Outside of routine maintenance and updates, it didn’t evolve much in 2021. As covered in last year’s recap, while neuspo was a part of the plan in early 2020, things changed over the course of last year. Like codequestion, many of the ideas predate our open-source work and have been incorporated into txtai.
NeuML provides consulting services around our open-source stack as follows:
- Advisory and Strategy Support Build out your data and AI strategy, leveraging our deep expertise
- Model Development Create custom AI, Machine Learning and/or NLP models to excel in industry-specific domains
- Training Group training covering how to implement our open-source stack
- AI-driven Literature Review Automate reviews of large-scale unstructured literature datasets
- Market Research Gather statistics on specific market trends and competitive analysis
- Social Media Analytics Sentiment analysis, event discovery, trend detection and summarization
Our efforts in 2021 were centered around paperai and txtai. paperai attained a lot of interest with our prior efforts in 2020 and we’ve found that it has a lot of applicability.
If we revisit the activity chart at the beginning of this article, lulls in project development can be seen over the course of the year.
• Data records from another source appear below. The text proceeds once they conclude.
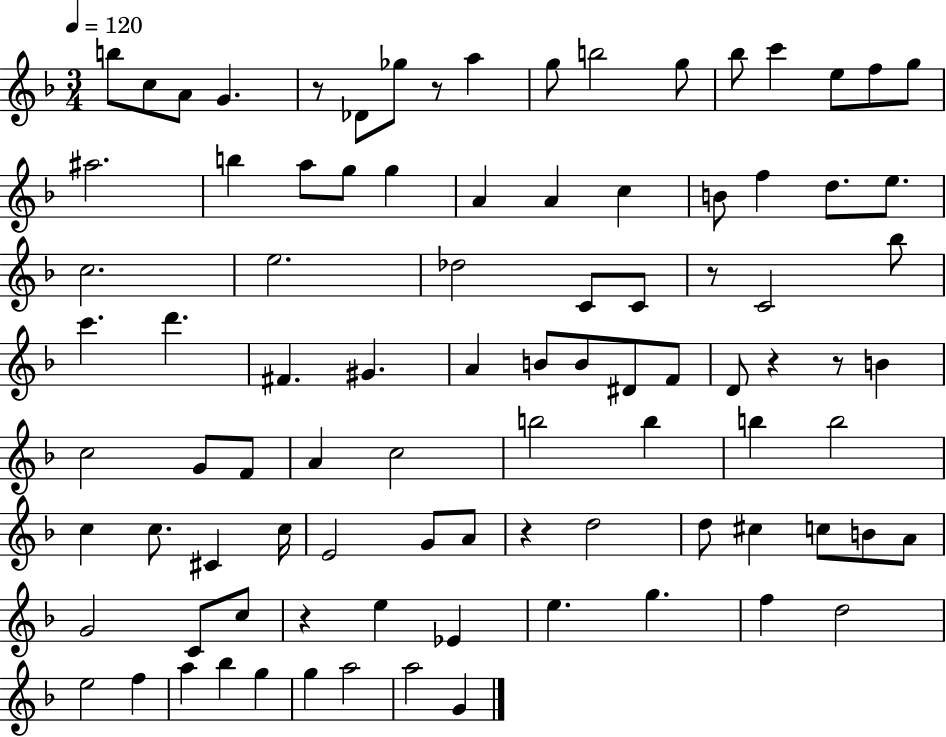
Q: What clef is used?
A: treble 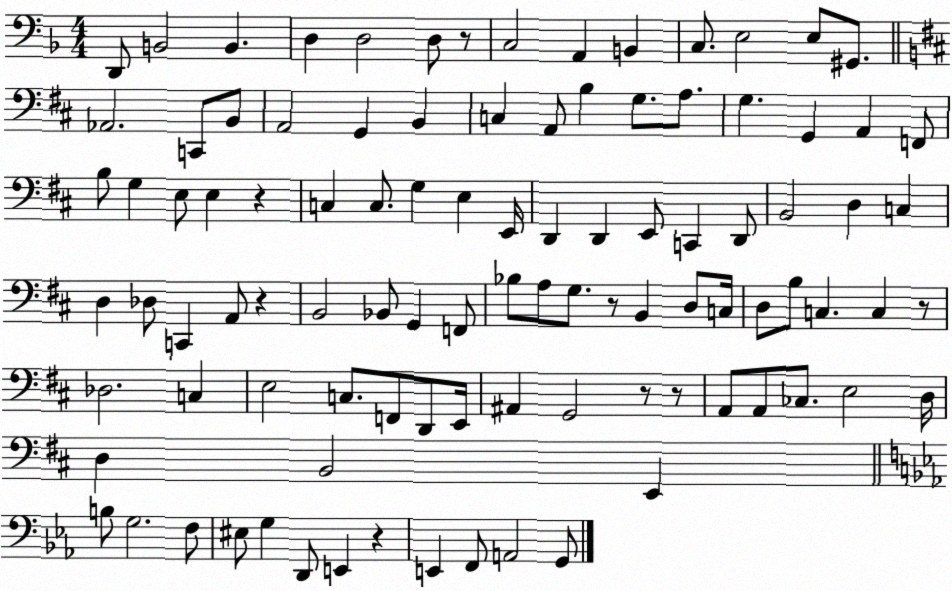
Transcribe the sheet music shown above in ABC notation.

X:1
T:Untitled
M:4/4
L:1/4
K:F
D,,/2 B,,2 B,, D, D,2 D,/2 z/2 C,2 A,, B,, C,/2 E,2 E,/2 ^G,,/2 _A,,2 C,,/2 B,,/2 A,,2 G,, B,, C, A,,/2 B, G,/2 A,/2 G, G,, A,, F,,/2 B,/2 G, E,/2 E, z C, C,/2 G, E, E,,/4 D,, D,, E,,/2 C,, D,,/2 B,,2 D, C, D, _D,/2 C,, A,,/2 z B,,2 _B,,/2 G,, F,,/2 _B,/2 A,/2 G,/2 z/2 B,, D,/2 C,/4 D,/2 B,/2 C, C, z/2 _D,2 C, E,2 C,/2 F,,/2 D,,/2 E,,/4 ^A,, G,,2 z/2 z/2 A,,/2 A,,/2 _C,/2 E,2 D,/4 D, B,,2 E,, B,/2 G,2 F,/2 ^E,/2 G, D,,/2 E,, z E,, F,,/2 A,,2 G,,/2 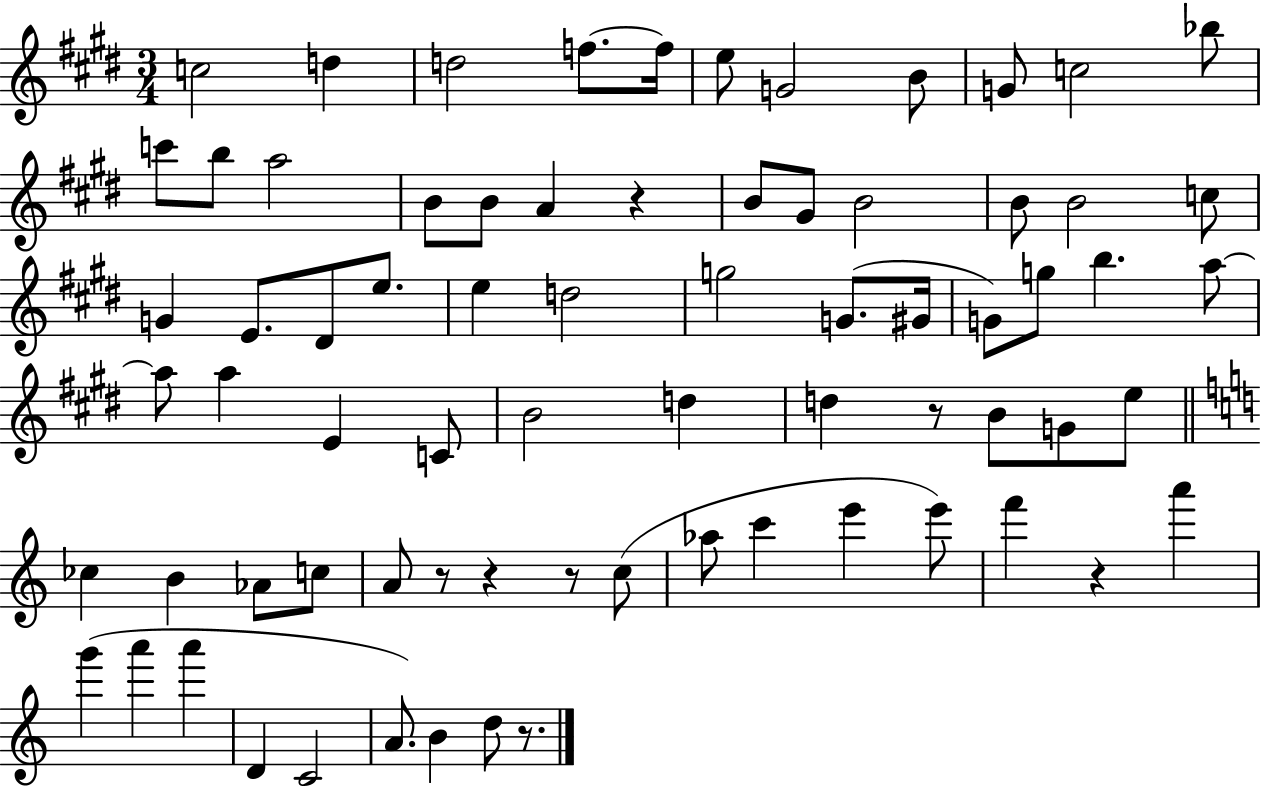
C5/h D5/q D5/h F5/e. F5/s E5/e G4/h B4/e G4/e C5/h Bb5/e C6/e B5/e A5/h B4/e B4/e A4/q R/q B4/e G#4/e B4/h B4/e B4/h C5/e G4/q E4/e. D#4/e E5/e. E5/q D5/h G5/h G4/e. G#4/s G4/e G5/e B5/q. A5/e A5/e A5/q E4/q C4/e B4/h D5/q D5/q R/e B4/e G4/e E5/e CES5/q B4/q Ab4/e C5/e A4/e R/e R/q R/e C5/e Ab5/e C6/q E6/q E6/e F6/q R/q A6/q G6/q A6/q A6/q D4/q C4/h A4/e. B4/q D5/e R/e. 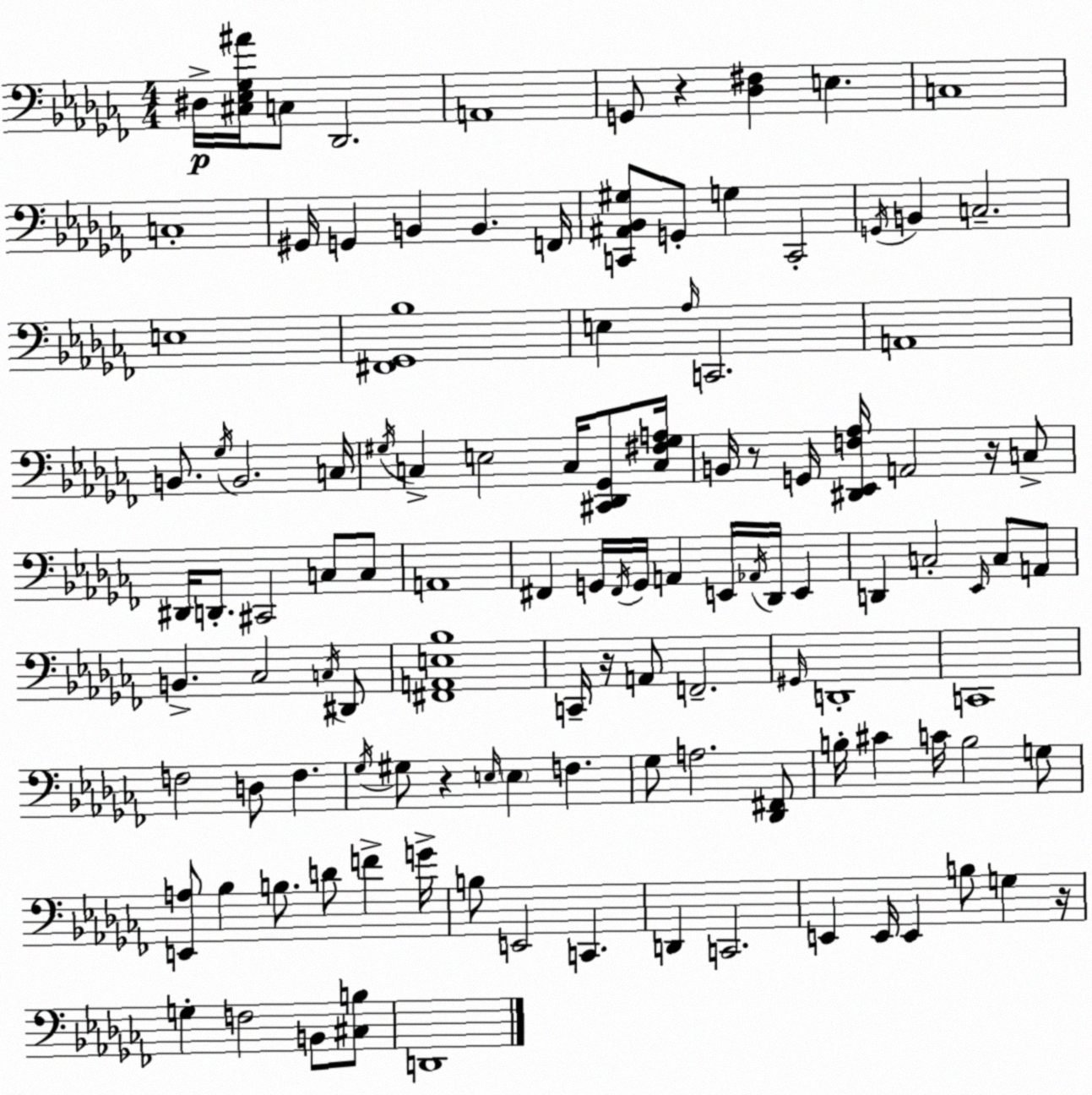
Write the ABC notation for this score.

X:1
T:Untitled
M:4/4
L:1/4
K:Abm
^D,/4 [^C,_E,_G,^A]/4 C,/2 _D,,2 A,,4 G,,/2 z [_D,^F,] E, C,4 C,4 ^G,,/4 G,, B,, B,, F,,/4 [C,,^A,,_B,,^G,]/2 G,,/2 G, C,,2 G,,/4 B,, C,2 E,4 [^F,,_G,,_B,]4 E, _A,/4 C,,2 A,,4 B,,/2 _G,/4 B,,2 C,/4 ^G,/4 C, E,2 C,/4 [^C,,_D,,_G,,]/2 [C,^F,^G,A,]/4 B,,/4 z/2 G,,/4 [^D,,_E,,F,_A,]/4 A,,2 z/4 C,/2 ^D,,/4 D,,/2 ^C,,2 C,/2 C,/2 A,,4 ^F,, G,,/4 ^F,,/4 G,,/4 A,, E,,/4 _A,,/4 _D,,/4 E,, D,, C,2 _E,,/4 C,/2 A,,/2 B,, _C,2 C,/4 ^D,,/2 [^F,,A,,E,_B,]4 C,,/4 z/4 A,,/2 F,,2 ^G,,/4 D,,4 C,,4 F,2 D,/2 F, _G,/4 ^G,/2 z E,/4 E, F, _G,/2 A,2 [_D,,^F,,]/2 B,/4 ^C C/4 B,2 G,/2 [E,,A,]/2 _B, B,/2 D/2 F G/4 B,/2 E,,2 C,, D,, C,,2 E,, E,,/4 E,, B,/2 G, z/4 G, F,2 B,,/2 [^C,B,]/2 D,,4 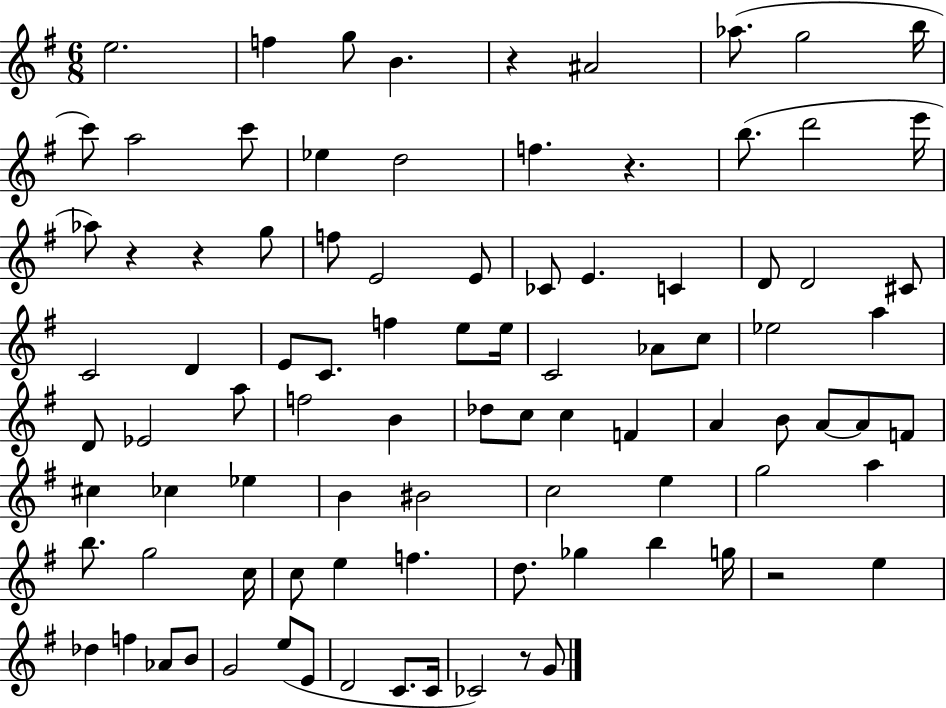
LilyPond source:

{
  \clef treble
  \numericTimeSignature
  \time 6/8
  \key g \major
  e''2. | f''4 g''8 b'4. | r4 ais'2 | aes''8.( g''2 b''16 | \break c'''8) a''2 c'''8 | ees''4 d''2 | f''4. r4. | b''8.( d'''2 e'''16 | \break aes''8) r4 r4 g''8 | f''8 e'2 e'8 | ces'8 e'4. c'4 | d'8 d'2 cis'8 | \break c'2 d'4 | e'8 c'8. f''4 e''8 e''16 | c'2 aes'8 c''8 | ees''2 a''4 | \break d'8 ees'2 a''8 | f''2 b'4 | des''8 c''8 c''4 f'4 | a'4 b'8 a'8~~ a'8 f'8 | \break cis''4 ces''4 ees''4 | b'4 bis'2 | c''2 e''4 | g''2 a''4 | \break b''8. g''2 c''16 | c''8 e''4 f''4. | d''8. ges''4 b''4 g''16 | r2 e''4 | \break des''4 f''4 aes'8 b'8 | g'2 e''8( e'8 | d'2 c'8. c'16 | ces'2) r8 g'8 | \break \bar "|."
} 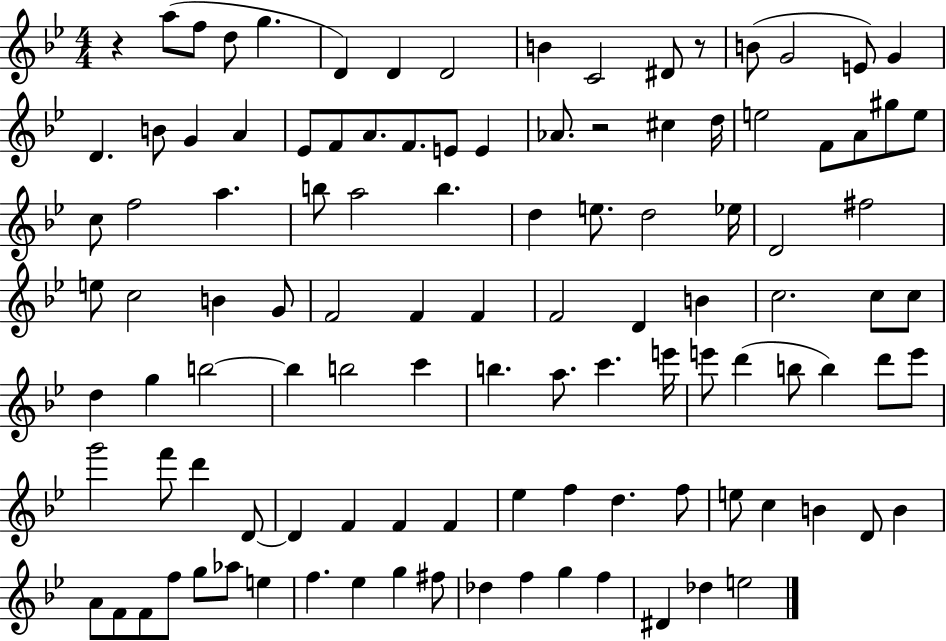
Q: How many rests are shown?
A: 3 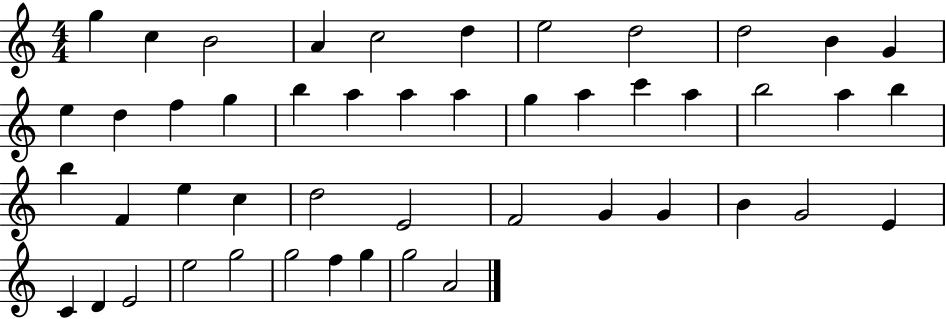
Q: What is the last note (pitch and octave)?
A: A4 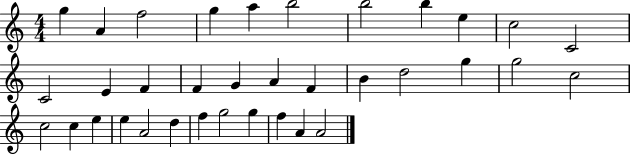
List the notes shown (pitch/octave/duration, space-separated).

G5/q A4/q F5/h G5/q A5/q B5/h B5/h B5/q E5/q C5/h C4/h C4/h E4/q F4/q F4/q G4/q A4/q F4/q B4/q D5/h G5/q G5/h C5/h C5/h C5/q E5/q E5/q A4/h D5/q F5/q G5/h G5/q F5/q A4/q A4/h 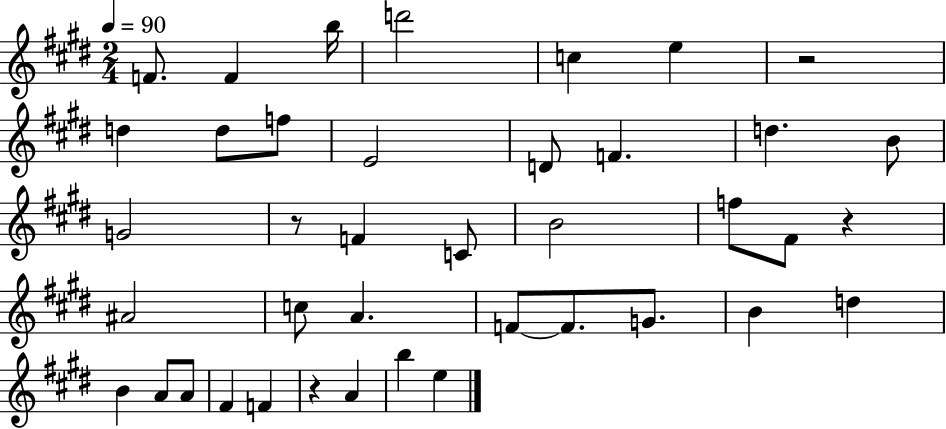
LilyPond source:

{
  \clef treble
  \numericTimeSignature
  \time 2/4
  \key e \major
  \tempo 4 = 90
  f'8. f'4 b''16 | d'''2 | c''4 e''4 | r2 | \break d''4 d''8 f''8 | e'2 | d'8 f'4. | d''4. b'8 | \break g'2 | r8 f'4 c'8 | b'2 | f''8 fis'8 r4 | \break ais'2 | c''8 a'4. | f'8~~ f'8. g'8. | b'4 d''4 | \break b'4 a'8 a'8 | fis'4 f'4 | r4 a'4 | b''4 e''4 | \break \bar "|."
} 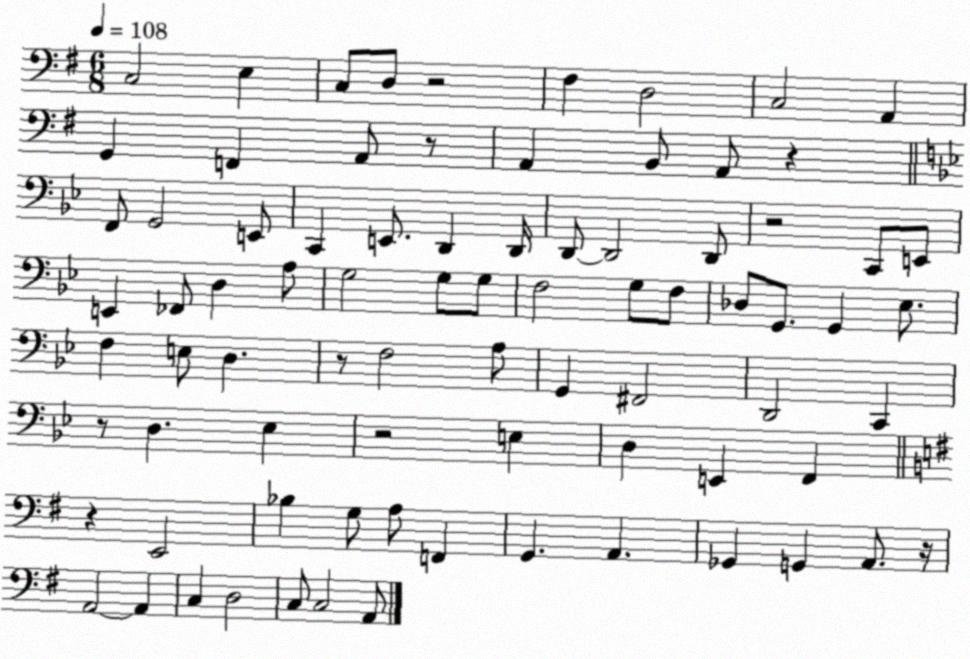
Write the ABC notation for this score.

X:1
T:Untitled
M:6/8
L:1/4
K:G
C,2 E, C,/2 D,/2 z2 ^F, D,2 C,2 A,, G,, F,, A,,/2 z/2 A,, B,,/2 A,,/2 z F,,/2 G,,2 E,,/2 C,, E,,/2 D,, D,,/4 D,,/2 D,,2 D,,/2 z2 C,,/2 E,,/2 E,, _F,,/2 D, A,/2 G,2 G,/2 G,/2 F,2 G,/2 F,/2 _D,/2 G,,/2 G,, _E,/2 F, E,/2 D, z/2 F,2 A,/2 G,, ^F,,2 D,,2 C,, z/2 D, _E, z2 E, D, E,, F,, z E,,2 _B, G,/2 A,/2 F,, G,, A,, _G,, G,, A,,/2 z/4 A,,2 A,, C, D,2 C,/2 C,2 A,,/2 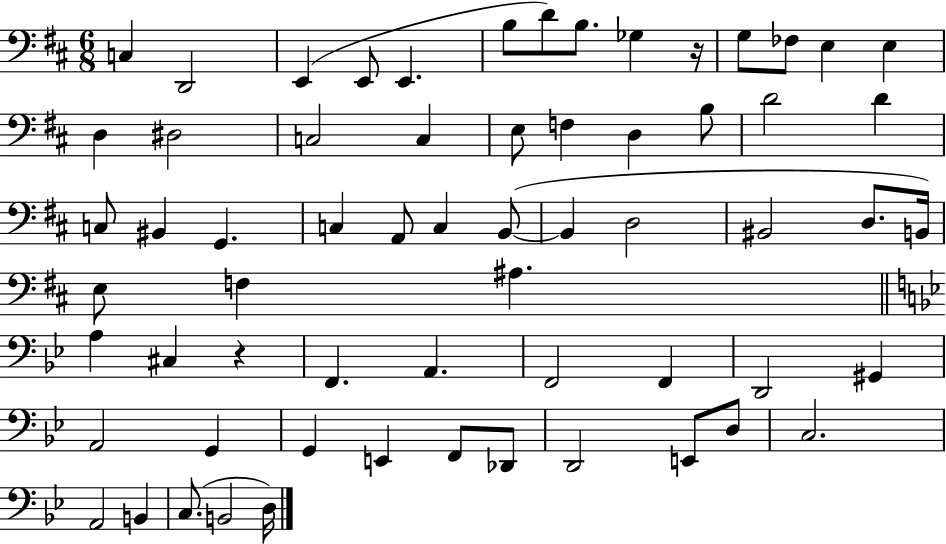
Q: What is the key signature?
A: D major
It can be challenging to simultaneously develop an open-source platform and support consulting efforts. But it is important to prove that these projects solve real-world problems. After all, our tagline is “Applying machine-learning to solve everyday problems”.
Looking ahead into 2022, we expect paperai will be a primary focus for our consulting efforts but that txtai will gain more traction, especially with the changes in 4.0.
This article covered the state of NeuML’s projects and efforts in 2021 and plans for 2022. The overarching theme here was one of consolidation. As new open-source projects have been created, the best ideas have ultimately rolled up into txtai. Then those newer projects integrate logic with the updated versions of txtai.
Our consulting efforts are important to prove that our projects can solve real-world projects. Consulting efforts can be tough for an open-source software company to balance but it’s crucial in building a well-rounded company with a sustainable business model.